Unfortunately the nuclear weapons already exist and any country with enough budget can create one, I suggest you try to understand that you can't have a group of terrorists dropping a plane in a nuclear plant and have it explode like a bomb, nuclear plants do not explode like an atomic bomb.

lokimedes|4 years ago

I tend to agree with you, but it should not be the conclusion. We must become ready to handle this, it is in my opinion the real underlying challenge behind the climate problem.

We have started this technologically driven expansion of the human footprint, and either we revert to pre-industrial levels or progress. Assuming that non-nuclear technology will let us have the cake (of prosperity) and eat it too (without drowning our cites) is the collective lie I see propagated politically.

In the spirit of the recent TV series release of "Foundation", this is our Seldon problem.

q1w2|4 years ago

Running a nuclear reactor does not produce nuclear weapons. This is simply fear-mongering fake news.

Also, modern nuclear reactors are dangerous. The GenIII+ specification for all new reactors requires the use of passive shut off. Which means the operator must actively keep the reactor on.

If they were to all turn into zombies, for example, the reactor would simply shut off.

Omega Tau podcast also did an extensive series on nuclear waste storage that I highly recommend every skeptic listen to. Nuclear waste storage is not a problem.

The problem is that naivete people seem to have that renewables can provide 99% uptime baseload, the boomer ignorance that all-things-nuclear-are-bad-because-Greenpeace-told-me-so.

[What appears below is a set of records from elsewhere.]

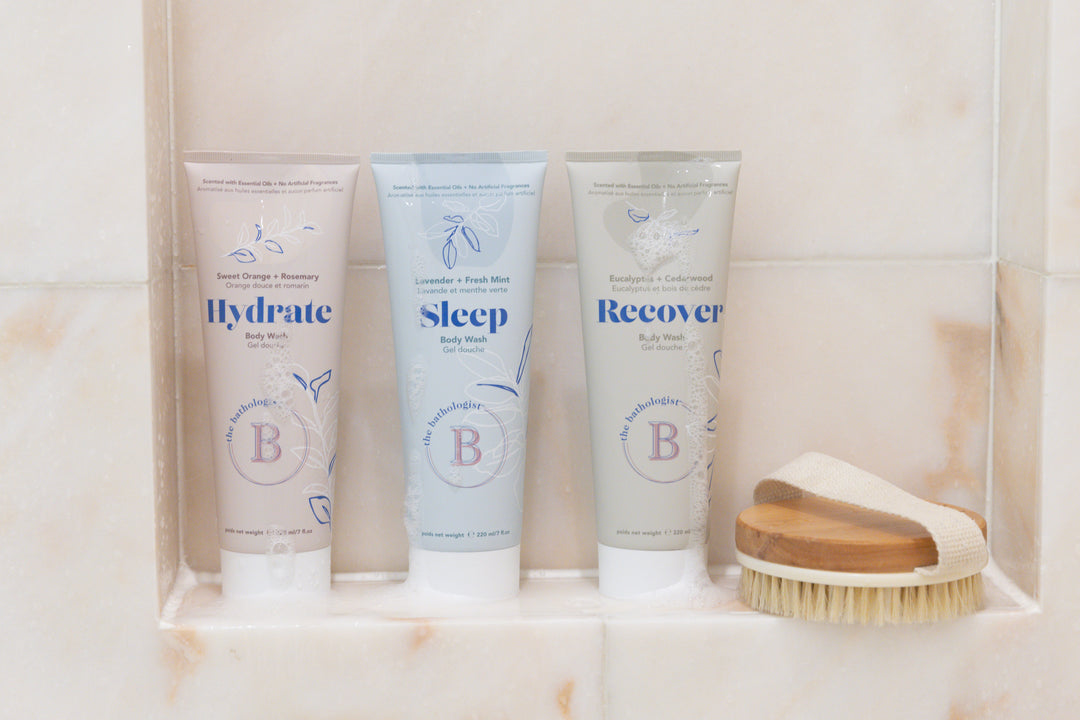 Sleep Body Lotion | Lavender + Mint Calm | The Bathologist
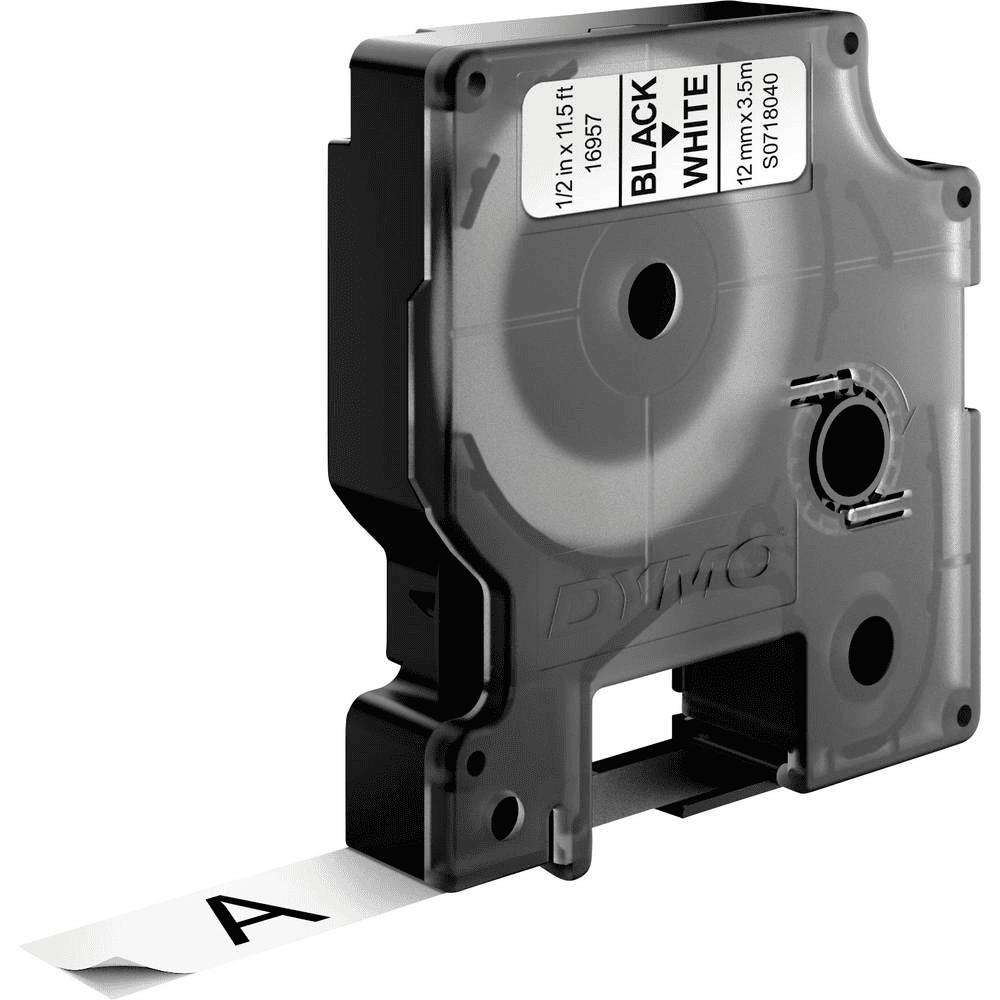 Лента за етикетни принтери Dymo Ribbon 16957 / S0718040 - Black on White - PN S0718040 | JAR Computers Лента за етикетни принтери Dymo Ribbon 16957 / S0718040 - Black on White - PN S0718040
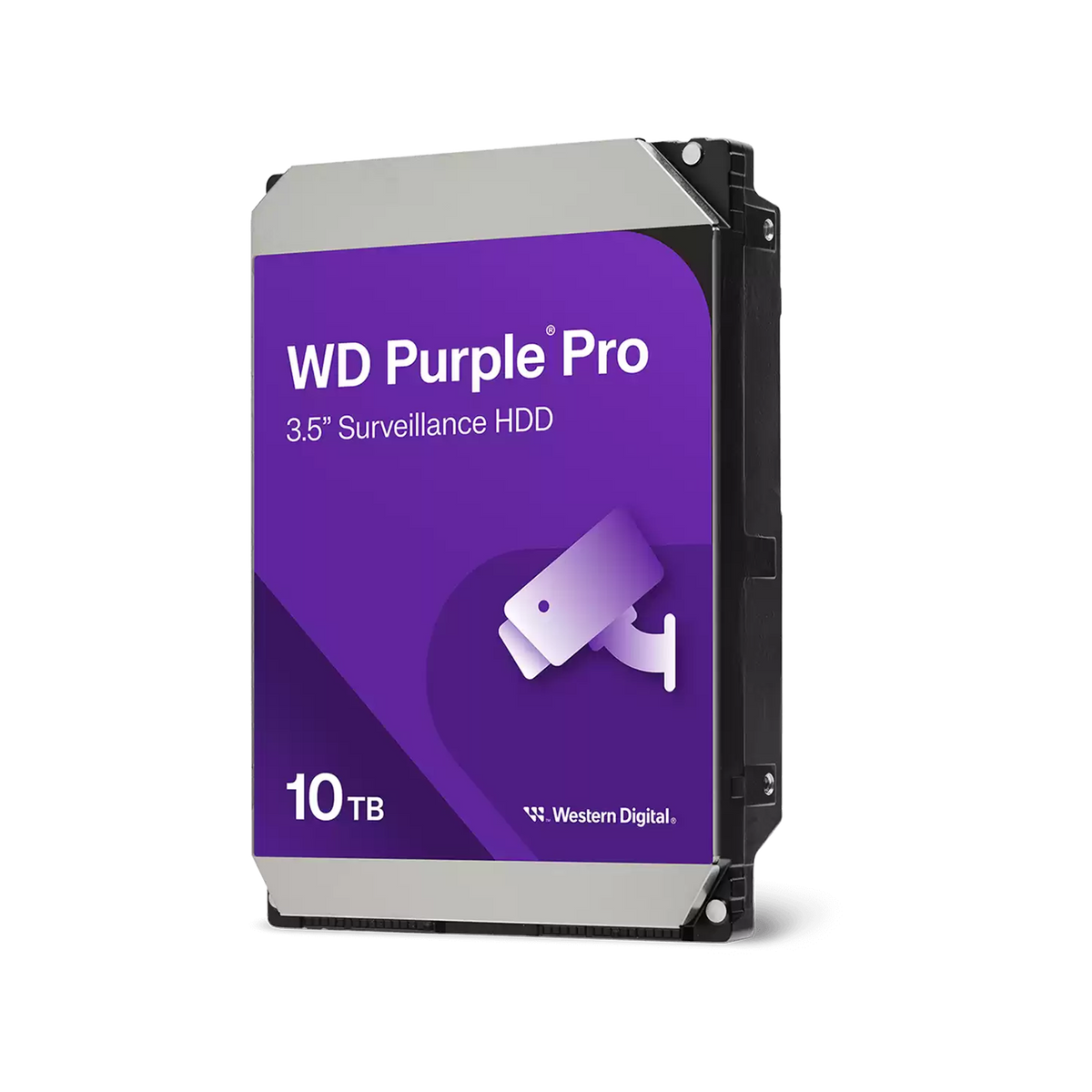 WD Purple™ PRO with AI 10TB SATA 3.5 Surveillance HDD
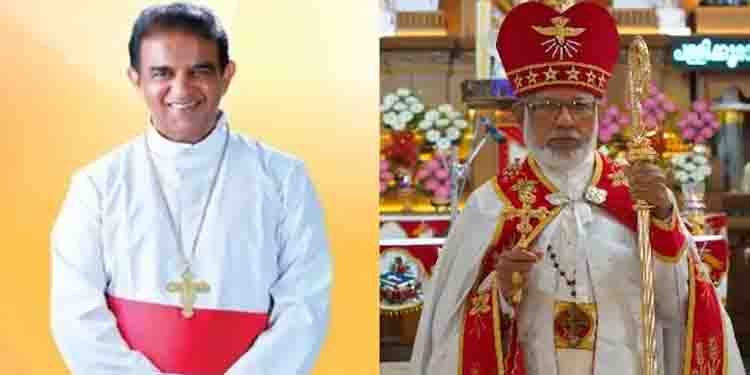 ബിഷപ്പിനെതിരെ നടപടിയുമായി വത്തിക്കാൻ ; ബിഷപ്പ് ആന്റണി കരിയിലിനോട് സ്ഥാനമൊഴിയാൻ നിർദേശം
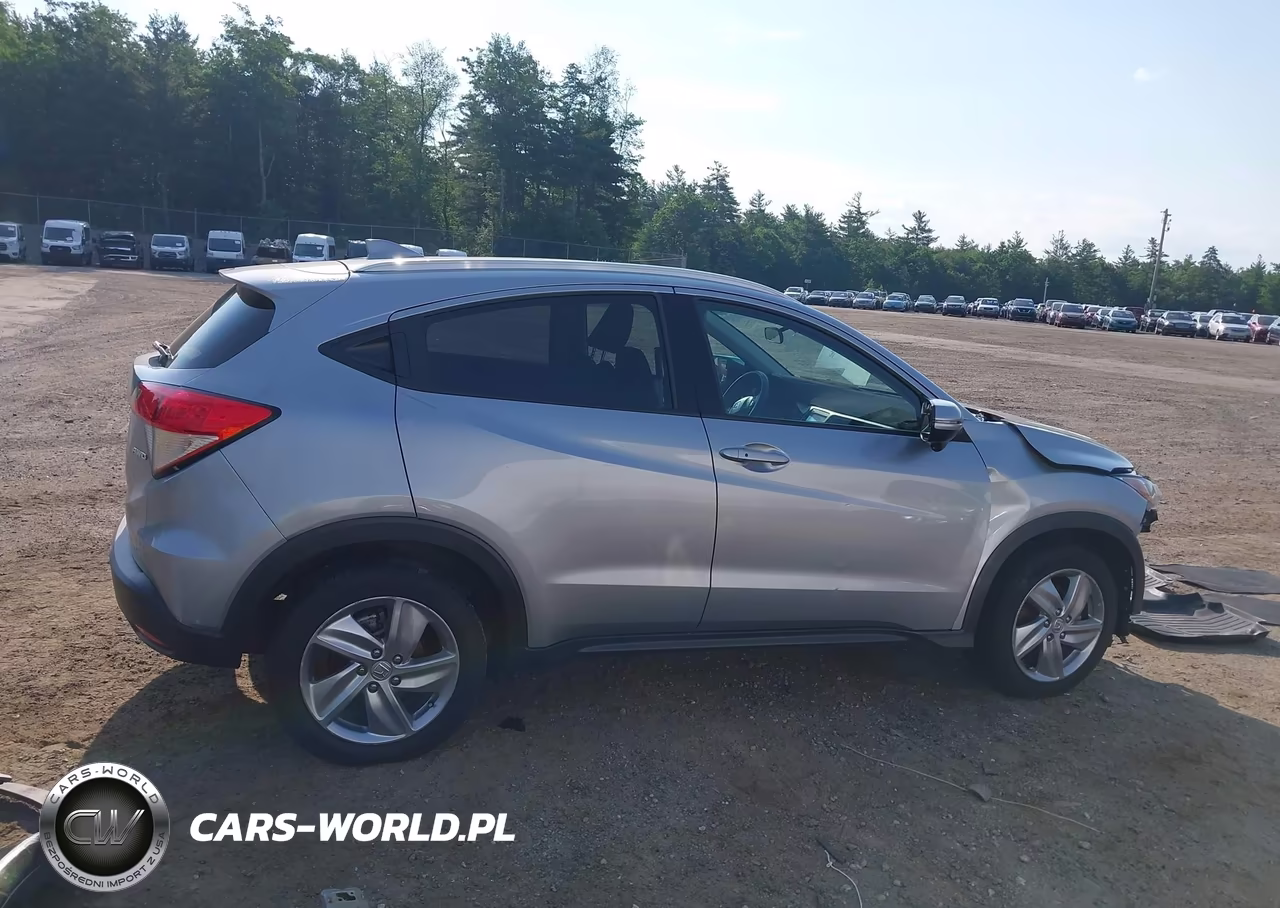 2019 Honda Hr-V Ex VIN:3CZRU6H55KM736599 - 14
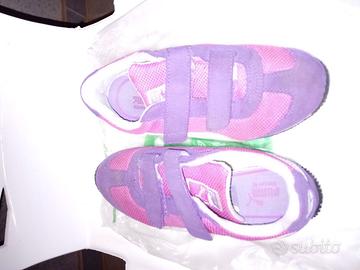 Sneackers Puma fuxia n. 33 + omaggio New Balance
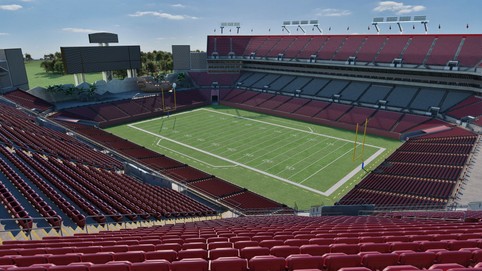 View from seat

Moreover, China has proven that nuclear Gen III reactors can be built cheaply - they are concurrently building 24 1GW plants.

Steamline ancient western regulations, block the endless lawsuits against plant development, re-open the Nevada storage center, tell boomers to stop stonewalling the only ready climate change solution, and BUILD THE DAMN NUCLEAR PLANTS.

We have a PROVEN solution ready to go that can be deployed in literally 10-15 years. We just need to end the ignorance.

chefkoch|4 years ago

> We have a PROVEN solution ready to go that can be deployed in literally 10-15 years. We just need to end the ignorance.

No we don't. We don't have even one new Gen reactor running and even more important we don't have the people educated to build them in a massive scale.

It would take at least ten years to educate the nuclear engineers needed to build dozens or even hundreds of them. And even then they don't have experience, they are juniors building very complex multi billion dollar installations.

kortex|4 years ago

> Also, modern nuclear reactors are dangerous. The GenIII+ specification for all new reactors requires the use of passive shut off. Which means the operator must actively keep the reactor on.

This seems confused. Shouldn't this read not dangerous?

100% agree though on the broad point. Newer reactors have way better passive safety, and the way to cheaper, safer nuclear energy is build more new plants and retire the old ones.

bombcar|4 years ago

So we’ll slowly level cities via burning coal instead “in the name of safety”.

robwwilliams|4 years ago

Brilliant comment. And yet we as a barely intelligent emergent species will play with politically dangerous fire/energy.

Let do it more as a basic science challenge and work 10X harder on the fusion chimera that is beginning to look real!